Desde o advento do mp3, os tubarões da indústria fonográfica ficaram a ver navios com o aparecimento de sites de download, como o Napster e seus desdobramentos, até o aparecimento de páginas de upload e compartilhamento, como o Rapidshare. Isso não faz muito tempo, porém, já é um capítulo da história da música dos anos 2000.

Ainda puxando pela memória dos leitores: muitos devem lembrar de quando apareceu o Rapidshare (ainda com o site baseado na Dinamarca). aquela tecnologia, que acenava já com os ares da Web 2.0, permitia que arquivos maiores fossem divididos entre usuários em comum — em sua maioria, baseados em redes sociais de caráter folksonômico*, como o Orkut, quanto em blogs — mais especialmente os respectivamente hospedados no Google/blogger. Foi a Era do download, o eldorado da cultura Mp3.

A isso, deu-se o crescimento do acesso a informação sobre artistas/discos/selos, através da Wikipédia — tentativamente uma forma de catalogar um tipo de informação que estava dispersa na Internet. Na mesma época, sairia o livro 1001 Albuns You Must Hear Before You Die. Ao êxito editorial da publicação, veio a classificação de uma lista de material a ser ouvido (agora, com a web, com possibilidades infinitas) também a (re) descoberta tanto de clássicos antigos quanto da 'auratização' de bom material que as próprias gravadoras, no afã de conciliar suas vendas com uma relativa atualização de seus catálogos.

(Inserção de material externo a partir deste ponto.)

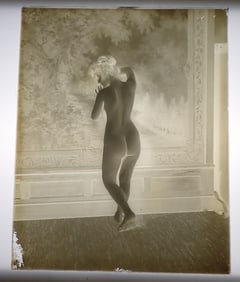 Anna Hamilton Nude Glass Plate Negative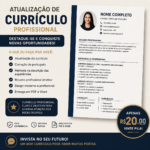Eu vou criar e atualizar seu currículo e perfil do LinkedIn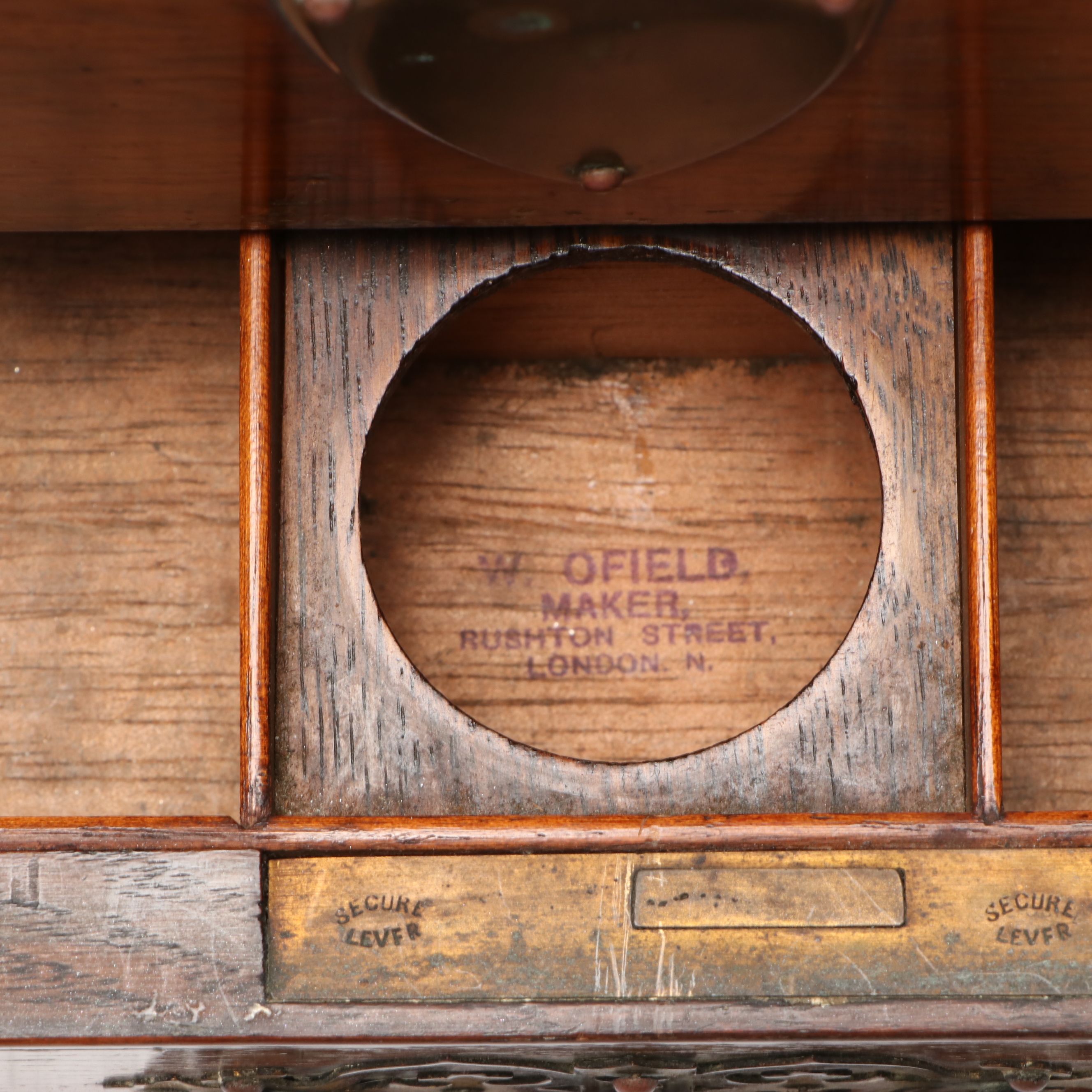 W. Ofield English Metal Mounted Wooden Seal Chest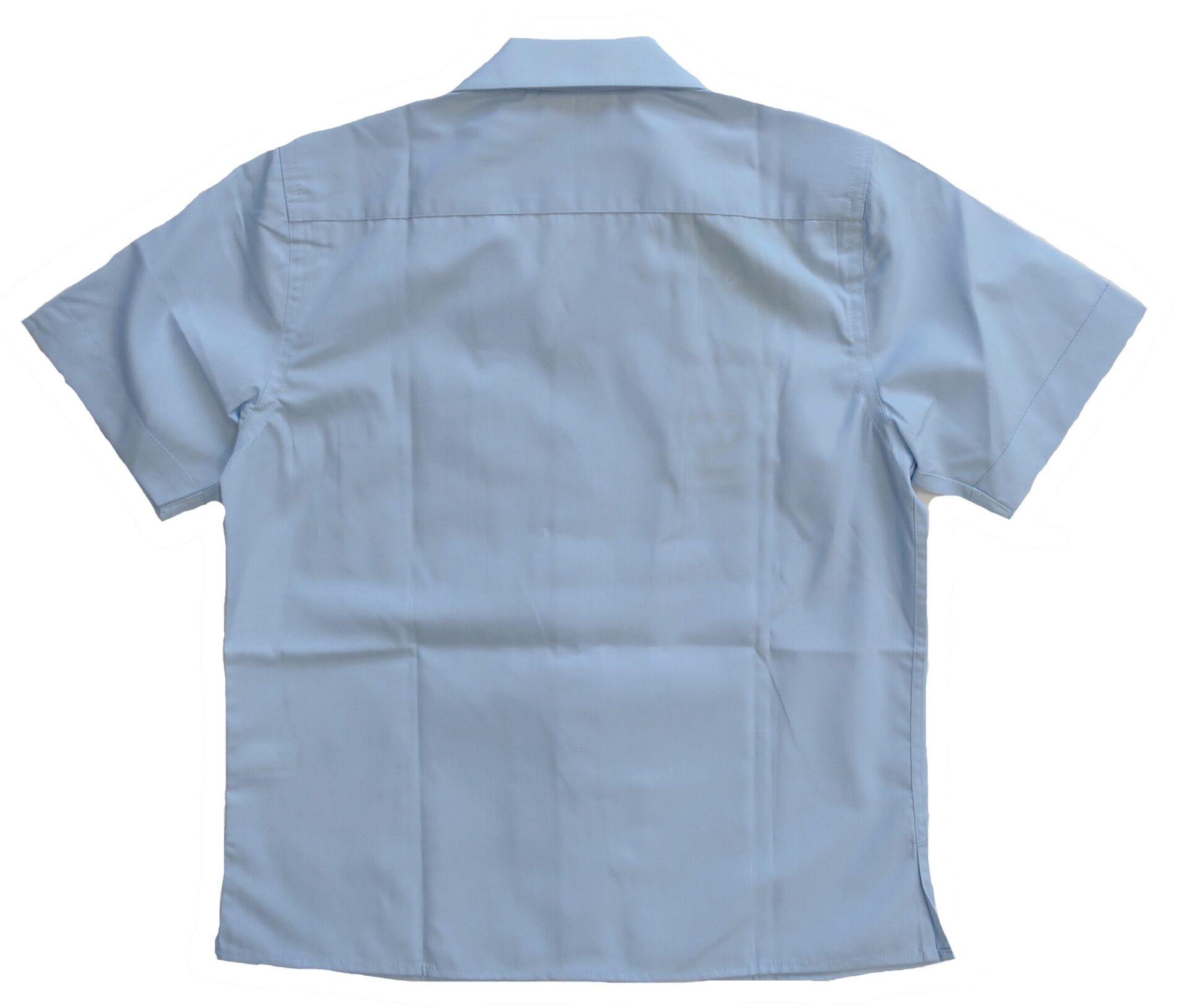 Mens Black Short Sleeve Open Neck Shirt | Classic Fit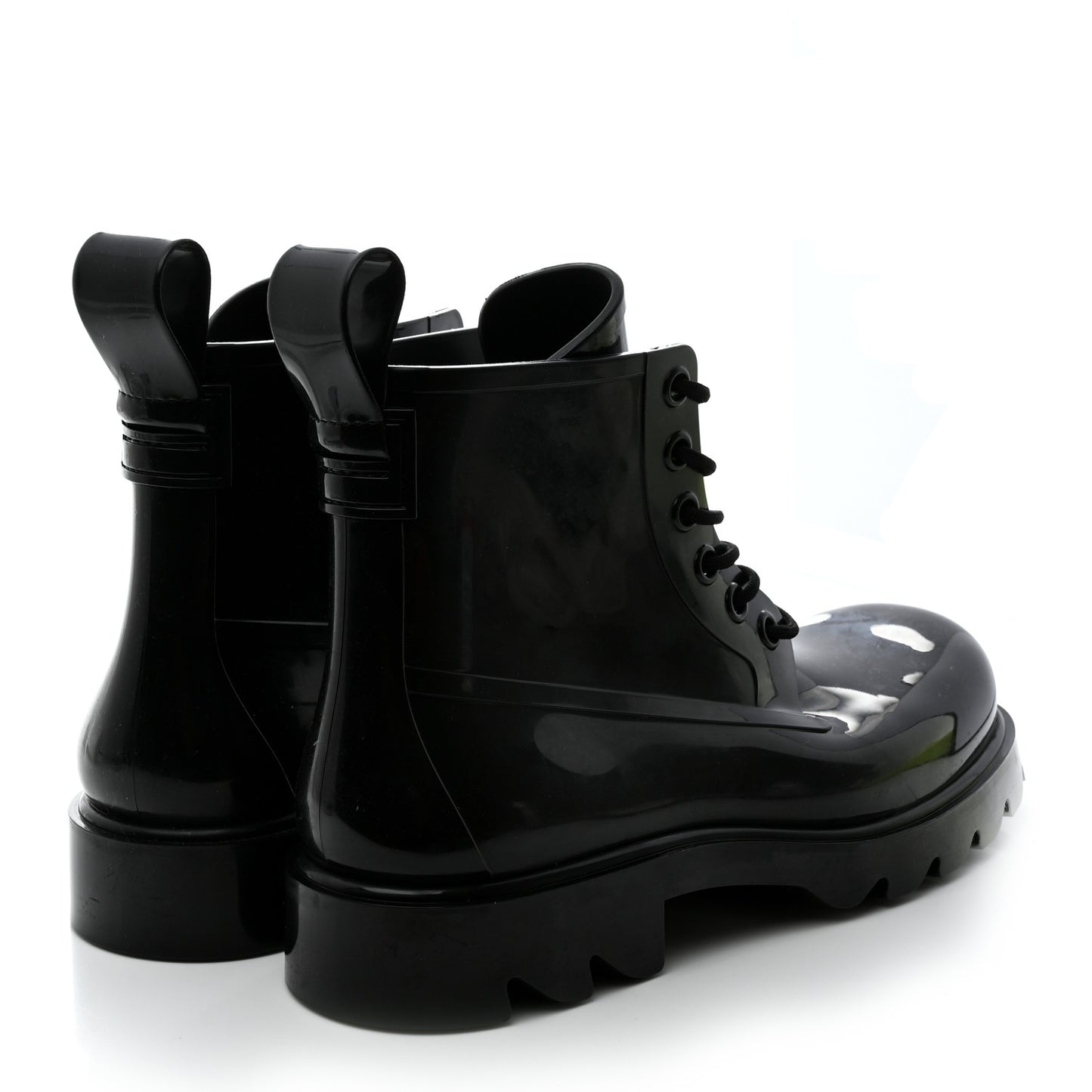 Rubber Stride Ankle Boots 42 Black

A verdade é que, mesmo com o CD, a maioria dos selos não estava nem interessada e nem preparada para publicizar todo o seu respectivo catálogo. Muitos ainda se apegavam ao vinil por conta disso: muita coisa não seria digitalizada, pelo menos, a curto prazo. Com a avalanche do mp3, esse prazo foi jogado para as calendas gregas.

De certa forma, a frenética demanda de downloads liquidava com os lucros das gravadoras enquanto rapinava o catálogo mainstream. Contudo, o que boa parte dos internautas buscava era, com efeito, a cauda longa** desse processo, quer dizer, o que seria o mercado de nicho — todo o resto da música que nem a própria indústria conseguia resgatar dos seus arquivos.

A fórmula redes sociais (Orkut) mais Blogger foi uma época bem específica: de certa forma, começou com a popularização do Orkut, com a transformação do blog em páginas tematizadas de download, lá por 2005/6, e durou a polêmica do Stop Online Piracy Act***, casuísmo do Congresso americano, em defesa das empresas lesadas pelo processo, cujo corolário foi o fechamento das páginas de upload/download (Rapidshare e Megaupload), do Orkut, além do fechamento de milhares de blogs.

A verdade é que, se essa caça às bruxas deu algum resultado foi mostrar que, se as gravadoras não conseguiam combater esse fenômeno (o download), queriam pelo menos mostrar do que seriam capazes. A verdade é que até mesmo eles sabiam que é impossível conter de todo esse fluxo. E, afinal de contes, como se sabe, ainda é possível baixar música livremente pela Internet. Porém, ao invés de tentar caçar downloaders, as gravadoras resolveram dar o passo á frente. se não é possível vencer o inimigo, junte-se à eles.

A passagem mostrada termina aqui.